[Brief descriptive captions]
====
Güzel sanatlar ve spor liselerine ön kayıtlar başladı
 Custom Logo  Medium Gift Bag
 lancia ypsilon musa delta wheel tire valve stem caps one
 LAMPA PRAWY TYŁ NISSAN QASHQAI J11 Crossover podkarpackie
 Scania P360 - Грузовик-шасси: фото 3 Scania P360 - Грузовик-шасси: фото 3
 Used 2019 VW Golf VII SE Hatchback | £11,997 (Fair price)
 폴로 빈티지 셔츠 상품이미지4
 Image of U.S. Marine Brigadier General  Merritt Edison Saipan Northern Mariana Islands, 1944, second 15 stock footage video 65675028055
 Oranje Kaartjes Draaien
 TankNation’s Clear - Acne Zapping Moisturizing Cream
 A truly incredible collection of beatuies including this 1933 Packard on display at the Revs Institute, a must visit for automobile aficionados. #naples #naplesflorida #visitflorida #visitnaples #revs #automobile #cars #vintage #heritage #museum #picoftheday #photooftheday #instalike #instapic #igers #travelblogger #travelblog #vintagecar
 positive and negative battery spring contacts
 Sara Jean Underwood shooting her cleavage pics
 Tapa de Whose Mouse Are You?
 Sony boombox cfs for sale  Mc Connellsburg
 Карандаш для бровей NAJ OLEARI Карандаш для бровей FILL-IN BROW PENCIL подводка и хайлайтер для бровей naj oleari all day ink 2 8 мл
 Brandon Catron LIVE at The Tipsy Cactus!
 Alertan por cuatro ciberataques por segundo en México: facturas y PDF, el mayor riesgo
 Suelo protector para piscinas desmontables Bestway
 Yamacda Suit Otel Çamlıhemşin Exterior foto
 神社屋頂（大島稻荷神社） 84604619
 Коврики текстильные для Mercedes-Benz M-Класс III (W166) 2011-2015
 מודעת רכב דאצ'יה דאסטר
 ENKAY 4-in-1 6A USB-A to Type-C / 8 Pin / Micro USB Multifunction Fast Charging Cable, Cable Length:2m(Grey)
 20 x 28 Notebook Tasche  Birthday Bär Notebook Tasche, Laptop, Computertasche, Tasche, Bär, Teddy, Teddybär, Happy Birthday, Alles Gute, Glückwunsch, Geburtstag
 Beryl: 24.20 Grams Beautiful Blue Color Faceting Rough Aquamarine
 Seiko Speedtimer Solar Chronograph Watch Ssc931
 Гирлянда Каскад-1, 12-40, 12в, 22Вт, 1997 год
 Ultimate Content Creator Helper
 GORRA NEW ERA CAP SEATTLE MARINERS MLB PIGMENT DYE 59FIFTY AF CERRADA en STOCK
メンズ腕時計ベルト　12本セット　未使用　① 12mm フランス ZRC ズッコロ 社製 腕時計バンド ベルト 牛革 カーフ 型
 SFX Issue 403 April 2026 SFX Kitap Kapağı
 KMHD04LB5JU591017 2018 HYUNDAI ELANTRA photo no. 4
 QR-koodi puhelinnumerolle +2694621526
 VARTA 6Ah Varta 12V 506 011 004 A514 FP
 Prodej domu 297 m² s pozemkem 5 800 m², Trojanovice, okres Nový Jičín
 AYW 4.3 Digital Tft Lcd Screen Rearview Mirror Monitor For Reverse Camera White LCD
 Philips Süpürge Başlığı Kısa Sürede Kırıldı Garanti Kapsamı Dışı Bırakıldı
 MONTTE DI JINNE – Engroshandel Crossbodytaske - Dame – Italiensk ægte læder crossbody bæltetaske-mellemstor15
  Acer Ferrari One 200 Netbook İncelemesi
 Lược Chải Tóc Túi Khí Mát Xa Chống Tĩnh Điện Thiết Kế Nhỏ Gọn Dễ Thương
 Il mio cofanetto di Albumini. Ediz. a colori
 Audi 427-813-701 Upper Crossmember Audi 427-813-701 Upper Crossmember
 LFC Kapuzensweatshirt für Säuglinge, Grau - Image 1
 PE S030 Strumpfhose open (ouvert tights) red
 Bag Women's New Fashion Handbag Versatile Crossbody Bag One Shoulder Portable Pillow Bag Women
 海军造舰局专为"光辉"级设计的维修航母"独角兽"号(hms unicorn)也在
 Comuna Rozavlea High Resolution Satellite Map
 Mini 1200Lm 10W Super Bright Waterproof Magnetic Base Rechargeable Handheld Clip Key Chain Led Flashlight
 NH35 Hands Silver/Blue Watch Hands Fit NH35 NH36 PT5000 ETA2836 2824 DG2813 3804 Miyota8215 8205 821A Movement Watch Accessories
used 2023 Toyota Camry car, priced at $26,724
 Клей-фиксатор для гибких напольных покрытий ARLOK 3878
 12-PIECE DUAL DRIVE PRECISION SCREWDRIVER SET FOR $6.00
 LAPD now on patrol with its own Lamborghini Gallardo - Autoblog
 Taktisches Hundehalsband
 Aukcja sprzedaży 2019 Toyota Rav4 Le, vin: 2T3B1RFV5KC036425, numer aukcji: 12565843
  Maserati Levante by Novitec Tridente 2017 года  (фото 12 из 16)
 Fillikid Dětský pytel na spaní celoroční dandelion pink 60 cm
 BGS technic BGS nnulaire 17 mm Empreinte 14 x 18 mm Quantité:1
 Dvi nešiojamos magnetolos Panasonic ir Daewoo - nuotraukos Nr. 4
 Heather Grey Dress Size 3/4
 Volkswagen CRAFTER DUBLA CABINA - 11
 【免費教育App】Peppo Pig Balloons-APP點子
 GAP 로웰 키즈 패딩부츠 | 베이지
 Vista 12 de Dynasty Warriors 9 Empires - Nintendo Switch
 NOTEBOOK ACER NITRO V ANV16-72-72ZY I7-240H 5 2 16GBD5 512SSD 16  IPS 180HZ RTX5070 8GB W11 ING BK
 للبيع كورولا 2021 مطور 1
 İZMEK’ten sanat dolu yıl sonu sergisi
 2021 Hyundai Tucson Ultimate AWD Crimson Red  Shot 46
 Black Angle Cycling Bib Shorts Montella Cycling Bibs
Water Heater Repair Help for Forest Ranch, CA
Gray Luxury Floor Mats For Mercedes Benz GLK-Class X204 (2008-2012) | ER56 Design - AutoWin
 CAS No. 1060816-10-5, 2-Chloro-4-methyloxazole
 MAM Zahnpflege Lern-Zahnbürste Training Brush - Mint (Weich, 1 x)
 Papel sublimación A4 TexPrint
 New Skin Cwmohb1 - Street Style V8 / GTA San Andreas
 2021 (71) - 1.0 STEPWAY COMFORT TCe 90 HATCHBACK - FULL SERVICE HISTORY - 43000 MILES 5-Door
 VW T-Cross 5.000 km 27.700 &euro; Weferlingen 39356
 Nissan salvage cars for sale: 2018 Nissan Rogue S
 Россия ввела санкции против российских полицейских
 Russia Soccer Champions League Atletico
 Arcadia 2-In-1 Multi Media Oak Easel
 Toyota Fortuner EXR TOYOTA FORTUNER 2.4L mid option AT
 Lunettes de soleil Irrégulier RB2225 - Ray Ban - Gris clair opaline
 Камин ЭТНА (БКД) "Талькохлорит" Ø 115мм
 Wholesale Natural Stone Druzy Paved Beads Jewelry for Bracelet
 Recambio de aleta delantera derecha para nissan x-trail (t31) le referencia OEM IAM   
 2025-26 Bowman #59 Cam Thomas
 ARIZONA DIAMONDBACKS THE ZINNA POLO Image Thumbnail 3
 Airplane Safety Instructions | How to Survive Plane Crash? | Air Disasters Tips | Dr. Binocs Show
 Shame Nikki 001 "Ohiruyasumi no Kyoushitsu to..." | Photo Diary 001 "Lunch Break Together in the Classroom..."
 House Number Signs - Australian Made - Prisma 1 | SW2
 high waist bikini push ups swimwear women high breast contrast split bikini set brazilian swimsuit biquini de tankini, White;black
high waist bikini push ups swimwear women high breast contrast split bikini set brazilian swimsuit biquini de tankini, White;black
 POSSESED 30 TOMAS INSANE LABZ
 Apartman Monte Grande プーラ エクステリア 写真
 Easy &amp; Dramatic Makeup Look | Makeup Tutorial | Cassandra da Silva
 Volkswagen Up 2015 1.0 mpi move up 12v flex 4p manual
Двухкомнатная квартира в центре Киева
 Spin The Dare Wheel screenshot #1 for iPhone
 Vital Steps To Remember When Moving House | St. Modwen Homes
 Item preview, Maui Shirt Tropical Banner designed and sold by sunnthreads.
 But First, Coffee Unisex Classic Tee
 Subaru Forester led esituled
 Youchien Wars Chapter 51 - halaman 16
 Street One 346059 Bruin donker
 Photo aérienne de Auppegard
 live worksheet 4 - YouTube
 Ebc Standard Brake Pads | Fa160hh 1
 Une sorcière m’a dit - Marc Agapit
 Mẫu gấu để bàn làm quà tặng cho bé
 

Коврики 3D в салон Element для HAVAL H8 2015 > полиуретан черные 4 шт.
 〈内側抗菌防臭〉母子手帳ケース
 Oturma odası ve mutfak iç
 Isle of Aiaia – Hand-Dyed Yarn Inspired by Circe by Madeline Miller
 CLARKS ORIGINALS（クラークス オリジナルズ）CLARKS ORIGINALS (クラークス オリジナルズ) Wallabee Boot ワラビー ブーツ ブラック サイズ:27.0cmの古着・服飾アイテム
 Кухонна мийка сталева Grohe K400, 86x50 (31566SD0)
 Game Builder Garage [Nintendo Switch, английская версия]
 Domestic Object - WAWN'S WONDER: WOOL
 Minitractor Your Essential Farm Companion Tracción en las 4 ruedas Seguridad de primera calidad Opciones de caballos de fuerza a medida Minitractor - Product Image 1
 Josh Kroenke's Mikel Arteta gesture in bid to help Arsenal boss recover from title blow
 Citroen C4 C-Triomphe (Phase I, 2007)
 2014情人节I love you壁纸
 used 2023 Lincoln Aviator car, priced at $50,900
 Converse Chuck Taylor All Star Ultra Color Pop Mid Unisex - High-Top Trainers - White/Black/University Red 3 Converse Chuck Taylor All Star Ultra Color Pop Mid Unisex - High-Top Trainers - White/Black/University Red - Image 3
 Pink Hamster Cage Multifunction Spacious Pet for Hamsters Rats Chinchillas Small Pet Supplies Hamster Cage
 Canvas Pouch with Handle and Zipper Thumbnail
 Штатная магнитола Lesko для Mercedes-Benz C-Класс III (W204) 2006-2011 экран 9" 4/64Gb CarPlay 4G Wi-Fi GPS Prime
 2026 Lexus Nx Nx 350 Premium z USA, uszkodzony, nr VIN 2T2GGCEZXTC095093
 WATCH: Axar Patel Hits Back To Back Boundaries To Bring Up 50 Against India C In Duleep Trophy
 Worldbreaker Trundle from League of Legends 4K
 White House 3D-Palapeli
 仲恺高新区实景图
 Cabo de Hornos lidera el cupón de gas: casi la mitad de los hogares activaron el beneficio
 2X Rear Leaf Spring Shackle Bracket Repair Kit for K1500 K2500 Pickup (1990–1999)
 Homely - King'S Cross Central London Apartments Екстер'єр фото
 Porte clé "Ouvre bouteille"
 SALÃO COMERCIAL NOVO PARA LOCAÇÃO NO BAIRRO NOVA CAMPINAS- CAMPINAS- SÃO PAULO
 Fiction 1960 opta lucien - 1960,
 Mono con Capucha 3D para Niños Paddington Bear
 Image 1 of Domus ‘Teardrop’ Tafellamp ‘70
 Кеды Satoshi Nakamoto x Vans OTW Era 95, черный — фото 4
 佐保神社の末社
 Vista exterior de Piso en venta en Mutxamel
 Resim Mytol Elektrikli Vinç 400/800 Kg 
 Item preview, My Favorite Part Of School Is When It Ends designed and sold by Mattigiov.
====
(TASK INSTRUCTIONS) Your answer should consist solely of the lines above from the line with "Коврики текстильные для" to the line with "GORRA NEW ERA", both included, reproduced exactly.

(WRITTEN REPLY)
 Коврики текстильные для Mercedes-Benz M-Класс III (W166) 2011-2015
 מודעת רכב דאצ'יה דאסטר
 ENKAY 4-in-1 6A USB-A to Type-C / 8 Pin / Micro USB Multifunction Fast Charging Cable, Cable Length:2m(Grey)
 20 x 28 Notebook Tasche  Birthday Bär Notebook Tasche, Laptop, Computertasche, Tasche, Bär, Teddy, Teddybär, Happy Birthday, Alles Gute, Glückwunsch, Geburtstag
 Beryl: 24.20 Grams Beautiful Blue Color Faceting Rough Aquamarine
 Seiko Speedtimer Solar Chronograph Watch Ssc931
 Гирлянда Каскад-1, 12-40, 12в, 22Вт, 1997 год
 Ultimate Content Creator Helper
 GORRA NEW ERA CAP SEATTLE MARINERS MLB PIGMENT DYE 59FIFTY AF CERRADA en STOCK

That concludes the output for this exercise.